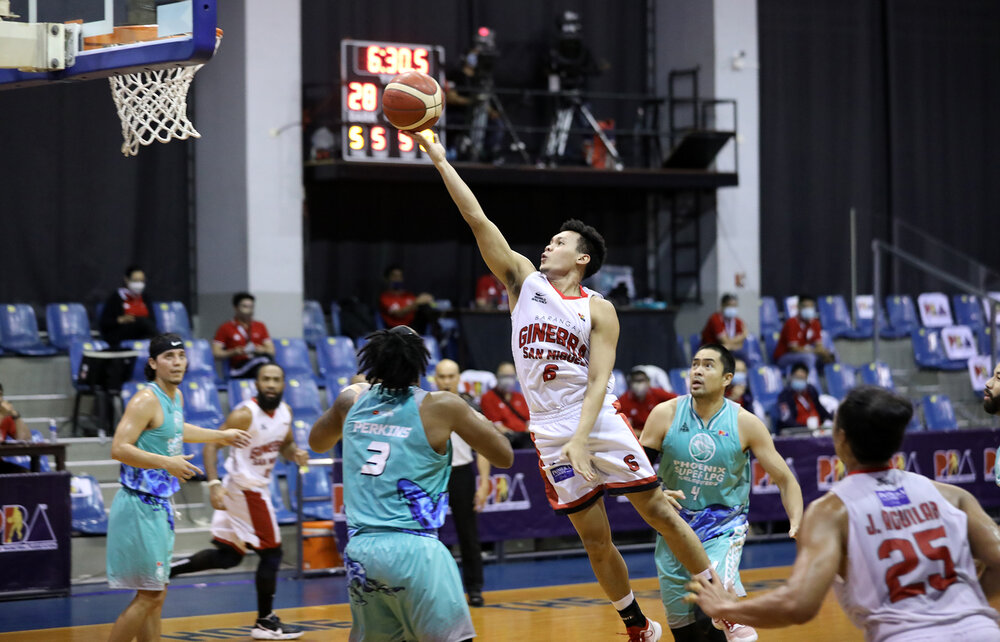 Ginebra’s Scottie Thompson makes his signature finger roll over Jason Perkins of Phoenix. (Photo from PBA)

━━━━━━━━━━━━━━━━

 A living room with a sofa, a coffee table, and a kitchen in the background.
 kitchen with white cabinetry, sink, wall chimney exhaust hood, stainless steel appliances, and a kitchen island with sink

━━━━━━━━━━━━━━━━

AIM OF THE EXERCISE: Copy out every line of the material above that contains the string "kitchen".

REPLY:
 A living room with a sofa, a coffee table, and a kitchen in the background.
 kitchen with white cabinetry, sink, wall chimney exhaust hood, stainless steel appliances, and a kitchen island with sink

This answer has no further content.